The first step in creating the default structure for the book using @page at-element.

Our base definition does the following:

  1. Size the page to letter (8.5 by 11 inches), width first
  2. Use CSS notation for margins. In this case the top and bottom margin are 0.5 inches and left and right are 1 inch
  3. Reset the footnote counter.
  4. Using the @footnote attribute do the following
    1. Increment the footnote counter
    2. Place footnote at the bottom using another value for the float attribute
    3. Span all columns
    4. Make the height as tall as necessary
/* STEP 1: DEFINE THE DEFAULT PAGE */
@page {
  size: 8.5in 11in; (1)
  margin: 0.5in 1in; (2)
  /* Footnote related attributes */
  counter-reset: footnote; (3)
  @footnote {
    counter-increment: footnote; (4.1)
    float: bottom; (4.2)
    column-span: all; (4.3)
    height: auto; (4.4)
    }
  }

In later sections we’ll create named page templates and associate them to different portions of our written content.

Page counters

We define two conditions under which we reset the page counter: When we have a book followed by a part and when we have a book followed by the a first chapter.

We do not reset the content when the path if from book to chapter to part.

body[data-type='book'] > div[data-type='part']:first-of-type,
body[data-type='book'] > section[data-type='chapter']:first-of-type { counter-reset: page; }
body[data-type='book'] > section[data-type='chapter']+div[data-type='part'] { counter-reset: none }

Matching content sections to page types

The next section of the style sheet is to match the content on our book to pages in our style sheet.

The book is broken into sections with data-type attributes to indicate the type of content; we match the section[data-type] element to a page type along with some basic style definitions.

We will further define the types of pages later in the style sheet.

/* Title Page*/
section[data-type='titlepage'] { page: titlepage }

/* Copyright page */
section[data-type='copyright'] { page: copyright }

/* Dedication */
section[data-type='dedication'] {
  page: dedication;
  page-break-before: always;
}

/* TOC */
section[data-type='toc'] {
  page: toc;
  page-break-before: always;
}
/* Leader for toc page */
section[data-type='toc'] nav ol li a:after {
  content: leader(dotted) ' ' target-counter(attr(href, url), page);
}

/* Foreword  */
section[data-type='foreword'] { page: foreword }

/* Preface*/
section[data-type='preface'] { page: preface }

/* Part */
div[data-type='part'] { page: part }

/* Chapter */
section[data-type='chapter'] {
  page: chapter;
  page-break-before: always;
}

/* Appendix */
section[data-type='appendix'] {
  page: appendix;
  page-break-before: always;
}

/* Glossary*/
section[data-type='glossary'] { page: glossary }

/* Bibliography */
section[data-type='bibliography'] { page: bibliography }

/* Index */
section[data-type='index'] { page: index }

/* Colophon */
section[data-type='colophon'] { page: colophon }

Front matter formatting

For each page of front matter contnt (toc, foreword and preface) we define two pages: left and right.

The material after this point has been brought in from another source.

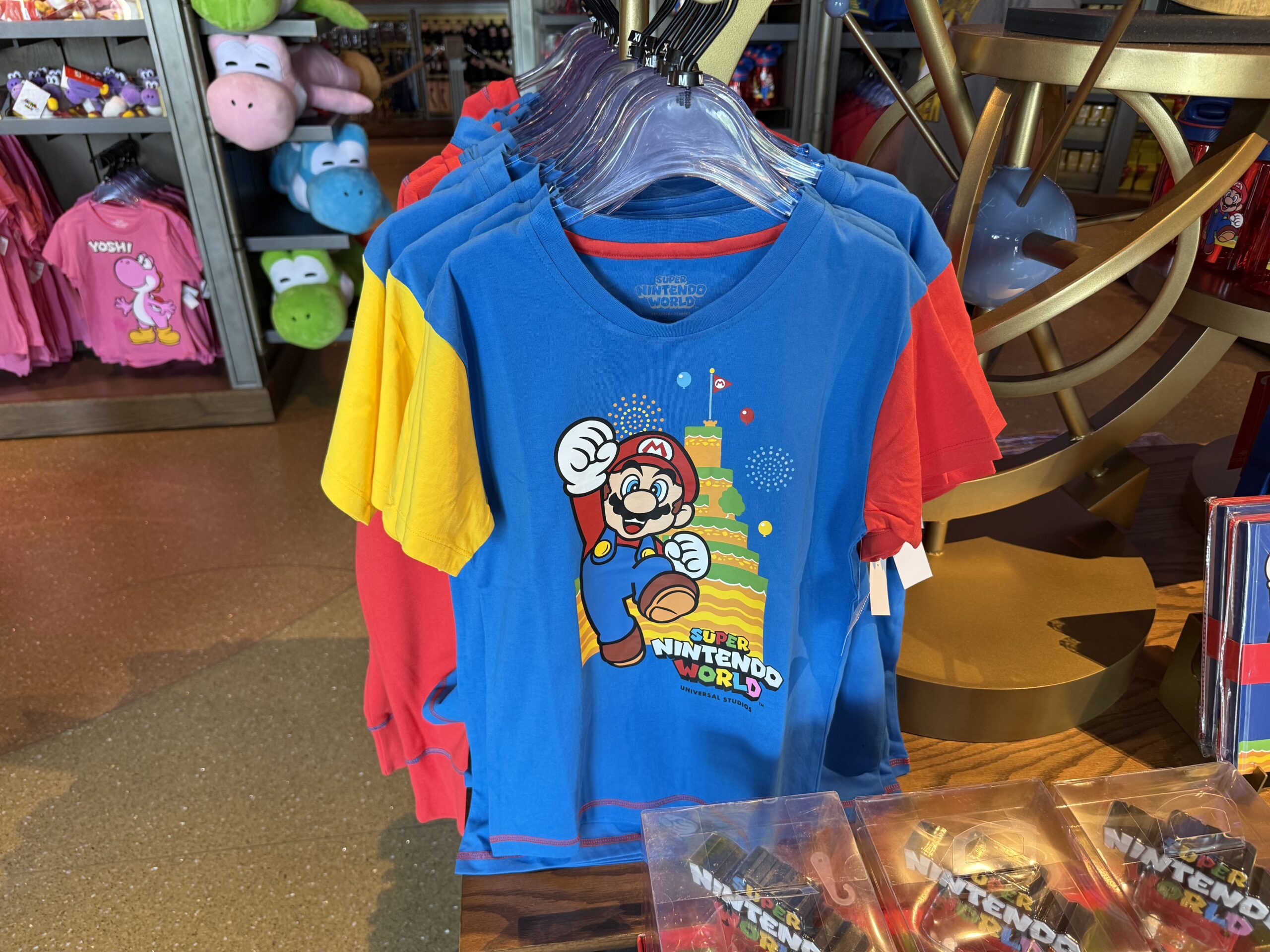 Another shirt for youth is blue with red and yellow sleeves, and has Mario with Mount Beanpole on the front.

We do it this way to acommodate facing pages with numbers on ooposite sides (for two sided printout)

For the front matter we chose to use Roman numerals on the bottom of the page

/* Comon Front Mater Page Numbering in lowercase ROMAN numerals*/
@page toc:right {
  @bottom-right-corner { content: counter(page, lower-roman) }
  @bottom-left-corner { content: normal }
}

@page toc:left  {
  @bottom-left-corner { content: counter(page, lower-roman) }
  @bottom-right-corner { content: normal }
}


@page foreword:right {
  @bottom-center { content: counter(page, lower-roman) }
  @bottom-left-corner { content: normal }
}

@page foreword:left  {
  @bottom-left-corner { content: counter(page, lower-roman) }
  @bottom-right-corner { content: normal }
}


@page preface:right {
  @bottom-center {content: counter(page, lower-roman)}
  @bottom-right-corner { content: normal }
  @bottom-left-corner { content: normal }
}

@page preface:left  {
  @bottom-center {content: counter(page, lower-roman)}
  @bottom-right-corner { content: normal }
  @bottom-left-corner { content: normal }
}

Pages formatting

We use the same system we used in the front matter to do a few things with our content.

We first remove page numbering from the title page and dedication by setting the numbering on both bottom corners to normal.

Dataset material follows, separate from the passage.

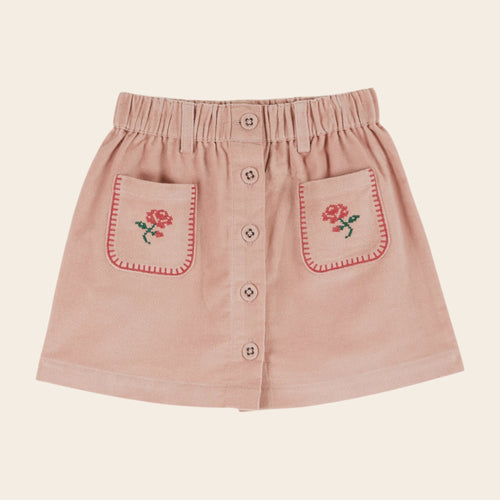 Pink skirt with floral embroidery on a beige background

/* Common Content Page Numbering  in Arabic numerals 1... 199 */
@page titlepage{ /* Need this to clean up page numbers in titlepage in Prince*/
  margin-top: 18em;
  @bottom-right-corner { content: normal }
  @bottom-left-corner { content: normal }
}

@page dedication { /* Need this to clean up page numbers in titlepage in Prince*/
  page-break-before: always;
  margin-top: 18em;
  @bottom-right-corner { content: normal }
  @bottom-left-corner { content: normal }

}

Now we start working on our chapter pages. The first thing we do is to place our running header content in the bottom middle of the page, regardless of whether it’s left or right.

@page chapter {
  @bottom-center {
    vertical-align: middle;
    text-align: center;
    content: element(heading);
  }
}

We next setup a blank page for our chapters and tell the reader that the page was intentionally left blank to prevent confusion

@page chapter:blank { /* Need this to clean up page numbers in titlepage in Prince*/
  @top-center { content: "This page is intentionally left blank" }
  @bottom-left-corner { content: normal;}
  @bottom-right-corner {content:normal;}
}

Then we number the pages the same way that we did for our front matter except that we use narabic numerals instead of Roman.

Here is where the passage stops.